Biographies in Sociology: Discussed and Neglected Points in Autobiographies of Shiite Clergy (Ulama)
Author: Mahdi Soleimanieh, mahdi.soleimanieh@gmail.com
Department: Sociology
University: University of Tehran, Iran
Supervisor: Sara Shariati
Year of completion: 2019
Language of dissertation: Persian
Keywords:
AutoBiography
, Religion
, Shia Islam
, Memory
Areas of Research:
Biography and Society
, Religion
, Clinical Sociology
Abstract
Autobiographies are considered as considerable sources of data for sociologists in order to understand social changes. This approach in sociology which was known as “autobiographical turn” in the late decades of the twentieth century, is not brought into much attention among Iranian sociologists. In this research, we attempted to study hawzavi autobiographies published in Persian language from the early years after the advent of printing industry in Iran until 1359 H., and extract the neglected and expressed issues in them. Then we aimed to analyze the main themes, central interests and ideas, as well as the present and absent issues of these constructed accounts of the lives of the hawzavis using thematic analysis method. Finally, a sociological typology of these autobiographies is presented based on these data. This typology could be considered as another phase in depicting an image of hawza and its actors as well as their evolution and changes in contemporary Iran.

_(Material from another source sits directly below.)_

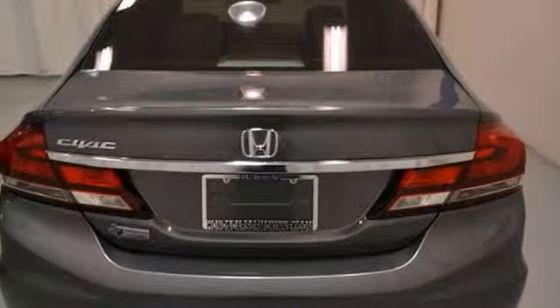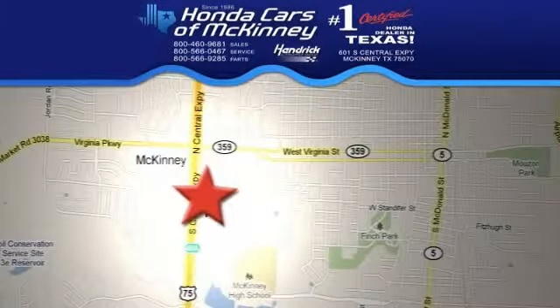It's offered with a full factory warranty. We'd love for you to take it for a test drive. Stop in today. We're conveniently located on Highway 75 northbound exit 40A in McKinney.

Findings show that masters, fathers and paternal ancestors are the common expressed issues in most of these autobiographies. Transcendental issues and God are clearly more apparent in the older autobiographies, but they gradually diminish and are depicted in a mediated way, and are finally disappeared in the recent decades. In terms of the presence of women, these autobiographies are divided into two categories of “females-expressed” and “females neglected”. The same binary is observed in these autobiographies in terms of economic issues which divides them into two categories of “economy-expressed” and “economy-neglected”.
It is finally concluded that, according to the mentioned findings, hawzavi autobiographies are categorized into two general types of “secluded autobiographies” and “social autobiographies”. The presented self in secluded autobiographies is limited to education, worship and a masculine family setting. In contrast, the presented self in social autobiographies is depicted in relation with social issues and a wider network of actors and events; a hawzavi self who is not just hawzavi but a social existence that is ‘also’ hawzavi.